I probably shouldn’t be writing it.

It’s about nothing; and everything.

America is now shaped by meaningless words and images that burn brightly before becoming vapor. We mistake the bright light for importance.

It is sound and fury signifying nothing.

It deepens our divisions. What’s worse, the bright light diverts us from what really matters. We solve nothing as we waste precious time, energy and good will.

What am I talking about?

A few weeks ago a group of teenage boys wearing red MAGA hats appeared to menace an elderly Native American man outside the Lincoln Memorial.

Instantly, the Twittersphere declared these young men racist thugs.

These images seemed to confirm the worst fears of folks who hate President Trump and the world they believe he has wrought.

Hateful words filled our feeds. Outrage fueled outrage.

In a saner world, this moment of staring and chanting would have gone unnoticed. But in our world, it isn’t the news that’s newsworthy, it’s the digital noise.

And there was video – which can’t lie, right?

Seeing an audience swelling on social media, the Cable News Industrial Complex ramped up to gather clicks and eyeballs, pouring on more outrage.

The Fox News tribe circled the wagons as the MSNBC crowd stepped up its attack.

Eventually, even actual journalists could no longer look away.

The New York Times, our “gray lady” of rectitude, quickly produced the headline: “Boys in ‘Make America Great Again’ Hats Mob Native Elder at Indigenous Peoples March.”

“Mob?”

As usual, the noise belatedly surrendered to reporting. The story “evolved.” The Times produced a second story: “Fuller Picture Emerges of Viral Video of Native American Man and Catholic Students.”

The “mob” evolved into “Catholic students.”

Other videos and interviews produced a more complex and nuanced account. The original video did kinda lie.

Soon, the indignant tweets from the left were replaced by indignant tweets from the right. The Cable News Industrial Complex continued cranking until its tribes moved on to the next shiny object.

In the end, nothing had happened. Nothing was learned. Nothing was solved. And we all hated each other just a little more.

“Hate” is a strong word, and I don’t use it lightly. I just read an interesting book by Sen. Ben Sasse, the very conservative senator from Nebraska. The title: “Them:

Why We Hate Each Other — and How to Heal.”

He writes much about the toxic and symbiotic relationship between social media and mass media – particularly cable news with its 24-7 hunger for anything to hold eyeballs until the next commercial.

He argues that “polititainment” – the unholy love child of politics and entertainment posing as news – is deeply harmful.

“Polititainment inevitably distorts our political foes like a gigantic funhouse mirror,” he writes. “Many of our television hosts are modern-day carnival barkers. We can get dopamine, adrenaline, and oxytocin all at once. It’s an adult video game. But instead of expertly separating us from our wallets, they’re separating us from things much more valuable: our time, our sense of perspective, and our judgment. And they’re separating us from each other.”

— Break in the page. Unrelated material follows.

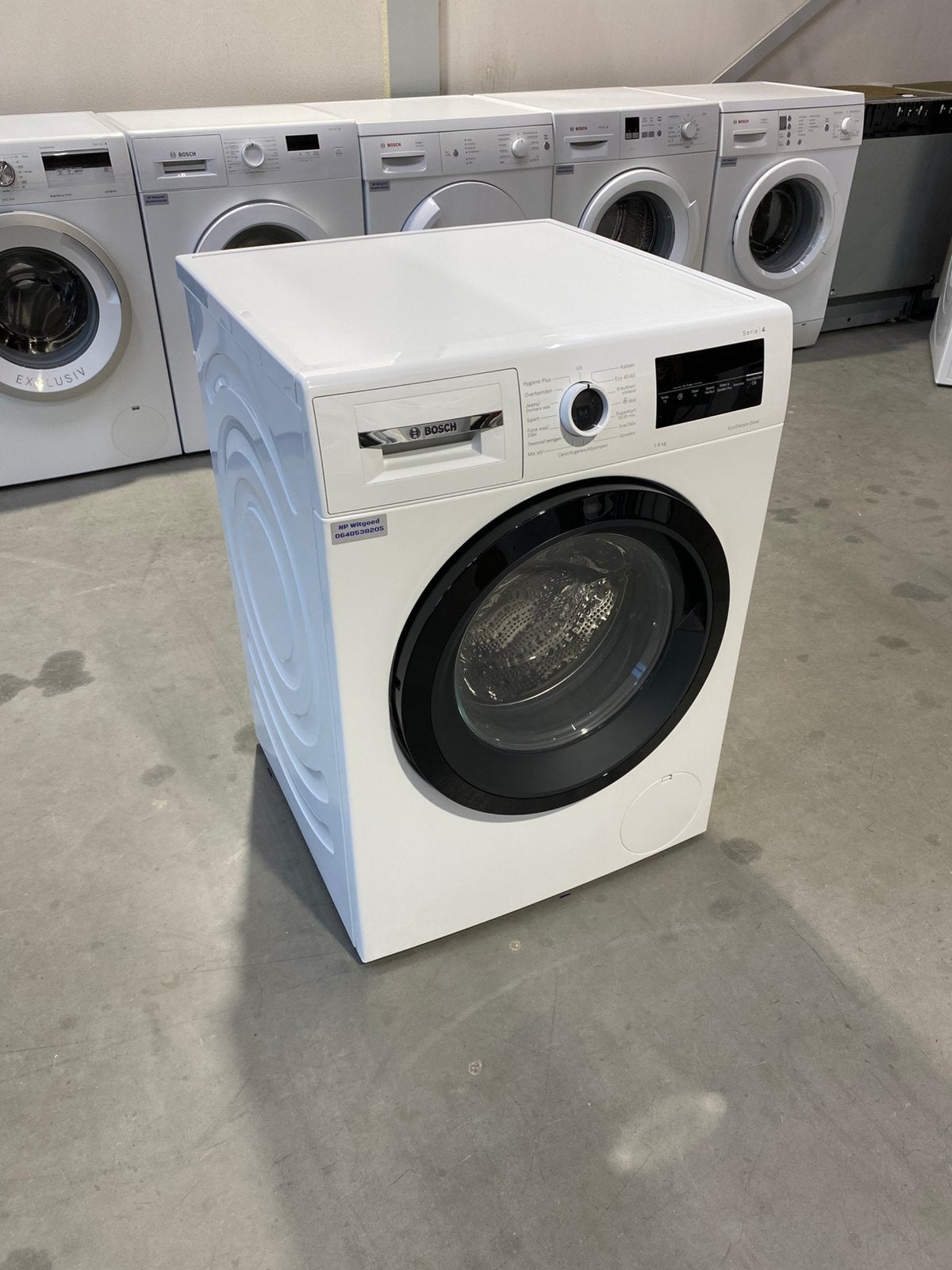 Bosch Serie 4 Wasmachine 8KG! 2 Jaar Oud! Garantie!, Ophalen, 1200 tot 1600 toeren, 8 tot 10 kg, Energieklasse A of zuiniger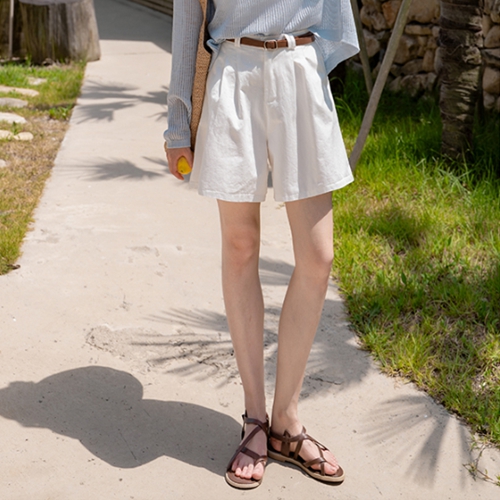 Pintuck Banding Belt Set Shorts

Just look at the more recent and noisier fury around Jussie Smollett’s claim that he was violently attacked by racists in Chicago. This media spasm was fueled by race and a dose of celebrity steroids.

One day in late January, social media exploded with reports that two men yelling racial and homophobic slurs had attacked Smollett, a lesser-known actor (at least to me) on the TV show “Empire.”

Smollett said the two men put a rope around his neck.

Predictably the Cable News Industrial Complex churned into breaking news overdrive, stoking fresh outrage. Politicians seized the moment - a “modern day lynching.”

Except it wasn’t.

Police soon charged Smollett with making the whole thing up. Nevertheless, he entered the lofty realm of Saturday Night Live parody and now clocks way better name recognition numbers than your local member of Congress.

Real racial violence is a core American issue; too important and incendiary to ever be squandered thusly.

Was this hoax worthy of our front pages, time and attention? Was it worth the net rise in hatred?

In a better world, journalism would separate meaningless junk from real news.

Over my years at the AJC, we used journalism daily to figure out whether an allegation was worthy of our ink and website. In that world, we would have gone slowly with the Catholic boys and Smollett stories. We would have probed for potential harm. We are skeptics and would have asked questions and checked facts. Only then would we arrive at the decision about whether to publish.

Of course we make mistakes, but if one of our reporters writes it, you can accept it as a reliable account of the truth. You can also rely on our editors to use their judgment to separate meaning from meaningless.

This is what you pay us to do. When we get it wrong, we say so. Ever see a correction on cable news?

In these days of “polititainment,” journalism can seem a quaint luxury.

Nevertheless, real journalism is the only real antidote to the poison dividing our country.

I like the way Sasse describes the value of what we do, even if it also seems quaint: “News was what people needed to know to go about their day or to begin thinking about their upcoming voting,” he writes. “It was information that was supposed to help us make responsible decisions about future civic duties.”

I’m not a Pollyanna – well, maybe I am – but I believe in this vision of news.

And I also believe this is a two-way street. You have a duty to help fix this mess. Nothing will improve until American adults begin to demand and partake in real journalism.

This takes work, and it isn’t easy to read stories that may challenge your beliefs.

For starters, we should all pledge to look past these trivial moments disguised as news. We should all read more from newsrooms that practice traditional journalism, such as the AJC.

We journalists must also stop giving power to these flashes of sound and fury by not writing about them at all.

As I said, I shouldn’t have written this column.

And you shouldn’t have read it.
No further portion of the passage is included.